I love you so much you make me sick.
When Bravo aired Work of Art: The Next Great Artist, the art world let out a collective groan. Criticism abounded, but we suspect the laments had less to do with critical upset and more reflect high-brow disdain for reality shows.
This reptilian brain kind of likes them, although Bravo's particular concept did evoke nauseous images of sensationalism à la Damien Hirst and derivative Andy Warhol-esque silk screens. However, TV these days is often more daring than the mostly line-toeing film industry. Fittingly, so is the work of Work of Art's runner-up, Peregrine Honig.
Two months after her defeat, Honig comes to Santa Fe with Loser , a collection of work both from and in response to her reality-show experience. The wry exhibition is divided into distinct halves: illustrations on paper and beeswax sculpture; snark and sweetness; excretions and undulations. The works on paper are both more rife and resplendent.
For example, Pukers is a mixed-media series in which ink-outlined boys and girls regurgitate a mix of what little boys and little girls are made of: jaundiced snips and snails and puppy-dog tails, but also sugar and spice and everything nice (glittery doilies and fine embroidery).
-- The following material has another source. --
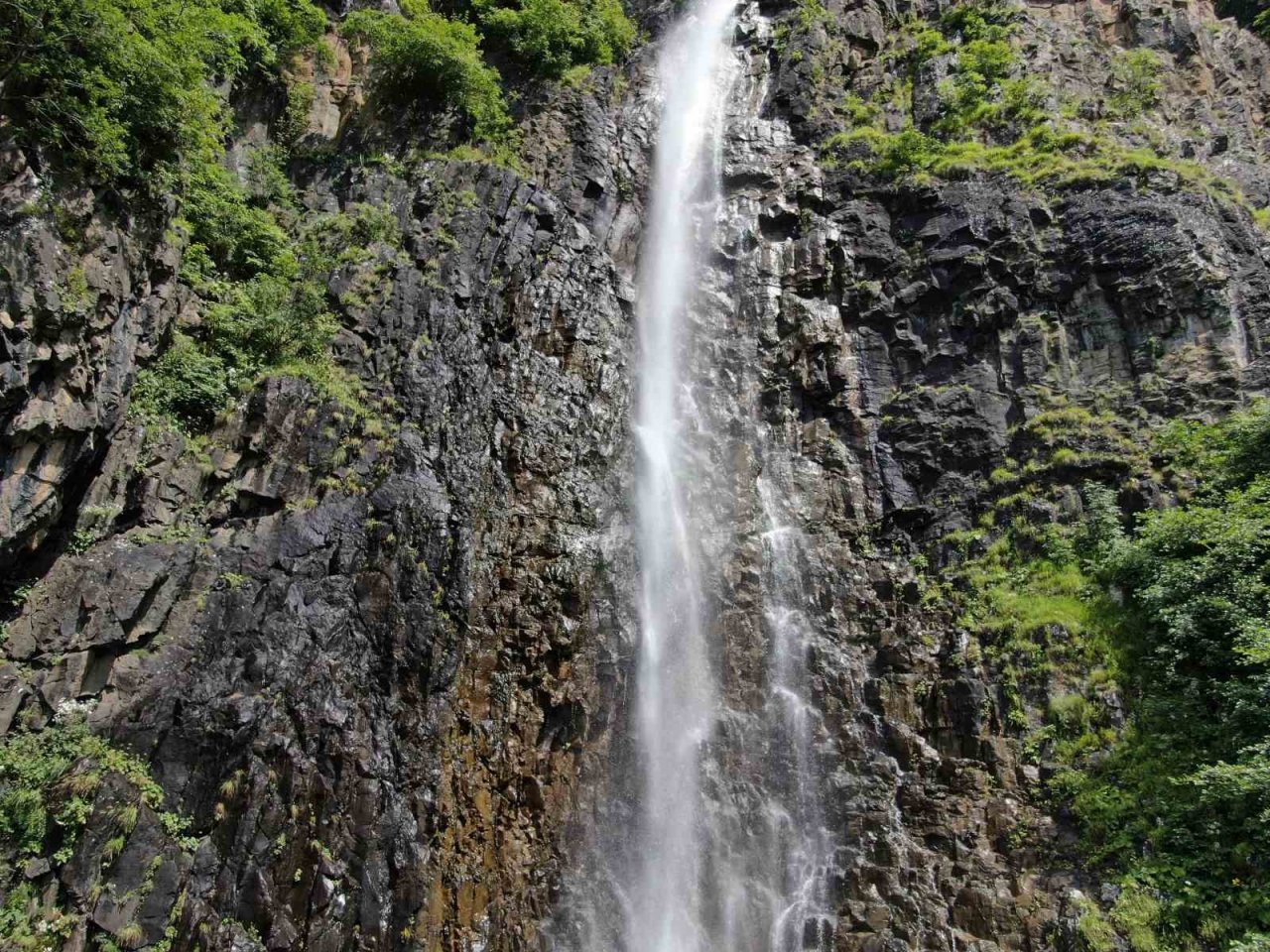 120 metreden akan şelale görenleri büyülüyor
One piece, "Puke King," shows a boy in a crown throwing up a mash of green, brown and yellow, as well as gold starbursts. "Swan Puke" demonstrates the nimbleness of vomit: It doesn't just go down, but up and around to form the likeness of the titular bird. A woman in a diving-dove-patterned shirt regurgitates a melee of feathers and sorbet colors. All the figures' distress is the familiar, gut-wrenching pain of young love lost.
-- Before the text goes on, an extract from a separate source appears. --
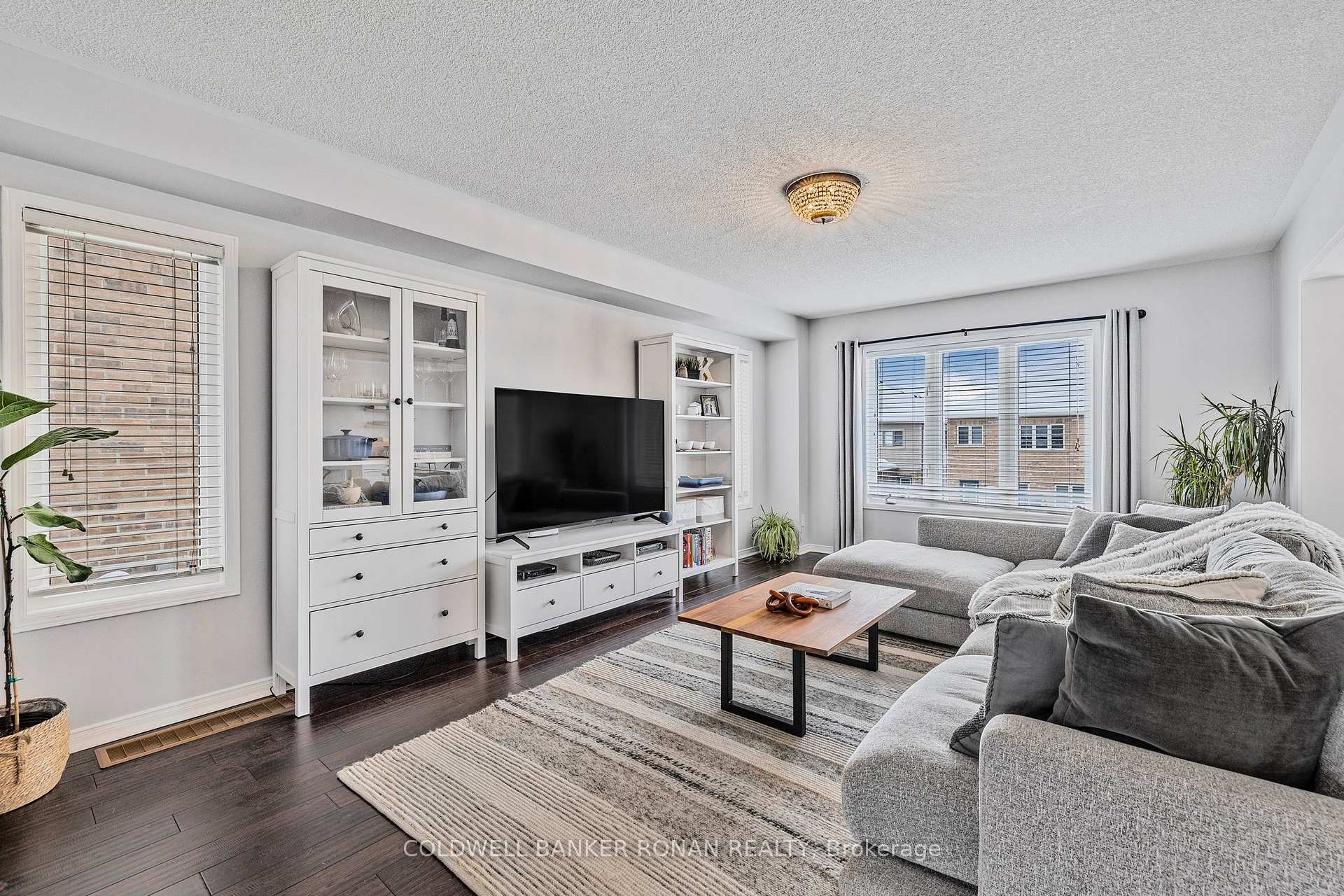 Photo 7 of 18 Willoughby Way, New Tecumseth, Alliston — HOMEH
The words "I love you" are scrawled sweetly on several of the works amid streams of bile, as the subjects literally spill their guts. They intermittently find impotent, lightly hewn purple-ink angels as companions, but we suspect the pukers would prefer the comfort of their estranged lovers.
Aesthetically similar, Anchor Babies is a series of ink-outlined white women, softened with pink and white gouache on their nipples, cheeks and prominently featured vaginas.
"Anchor Baby" shows a red-and-white cartoon anchor hanging from one woman's crotch. In "Import/Foreign Birth," a woman with a craned neck, like those in illustrated fashion catalogs, sports a "made in China" sticker on her pregnant belly. "Territory" finds a young woman with hippyish long brown hair knowingly biting her bottom lip. She sits with her knees touching, ankles apart and an American flag coming out from between her legs. In "Soap Opera Baby," a dignified woman in pearls sits spread eagle as a baby-doll face peeks innocently out from her vagina.
The baby provides a unifying theme between the paper and beeswax portions of the show. In the center of the gallery, the sweet faces of the Beautiful Boys series play foil to all the sexuality and vomit. The replicated busts of doll-faced little boys might as well be bleating baby deer—cast in warm-colored beeswax, no less. Their calm faces are serene and they comfort delicate sensibilities after the salacious onslaught of the works on paper.
Even with the reprieve of the beeswax series, the works in Loser are obviously loaded, but they bear no grandstanding. Feminism, imperialism, immigration—there's a lot being said, but there's no shouting. The pieces are crinkled and tacked ephemerally to the wall. Their inconsequential placement shows that theirs are not extraordinary sentiments, but recognized ones that ought to share space in everyday life.
Loser could have been sensationalized, but the works are too light-hearted to be heavy-handed. They're fun and open to whatever reality one chooses, even TV.